HARVARD SCIENTIST SUGGESTS THAT OUR UNIVERSE WAS CREATED IN A LABORATORY

A Harvard scientist has an interesting theory as to how our universe was formed: in a laboratory by higher “class” of lifeform.

Avi Loeb, bestselling author and the former chair of Harvard’s astronomy department, penned an op-ed in Scientific American this week positing that the universe could have been formed in a lab by an “advanced technological civilization.” If true, he said the origin story would unify the religious idea of a creator with the secular idea of quantum gravity.

“Since our universe has a flat geometry with a zero net energy, an advanced civilization could have developed a technology that created a baby universe out of nothing through quantum tunneling,” Loeb wrote.

One of the more interesting ideas posited in an article chock full of them is the civilization classification system. Loeb said that as a low-level technological civilization, humans are class C (or a civilization dependent on its host star).

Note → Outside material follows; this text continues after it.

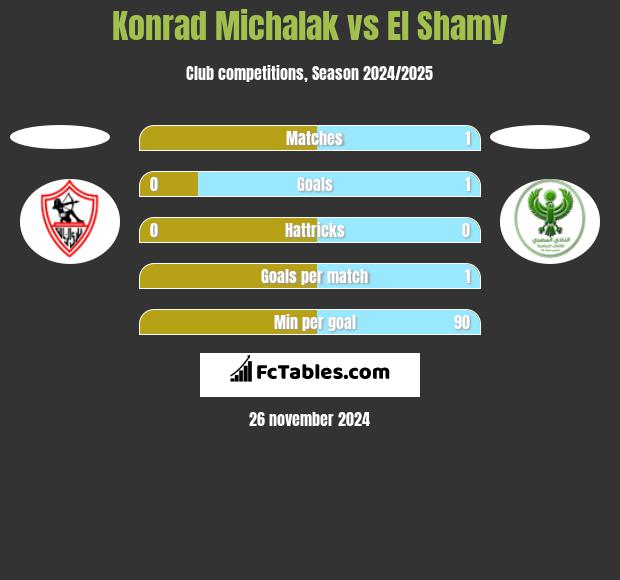 Konrad Michalak vs El Shamy h2h player stats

If and when our technology progresses to the point where we can become independent of the Sun, we’d be class B. If we can create our own baby universes in a laboratory (like our theoretical creators) we’d be class A.

Of course, there’s a wide number of things in our way — the biggest hurdle being our inability to create a “large enough density of dark energy within a small region,” said Loeb. However, if and when we do ever get there, we’d be able to join our theoretical creators in class A!

In any case, the theory is compelling, humbling, and a little bit frightening as well. If Loeb’s past theories are also to be believed, we’re likely not the only ones out there gunning for class A status either.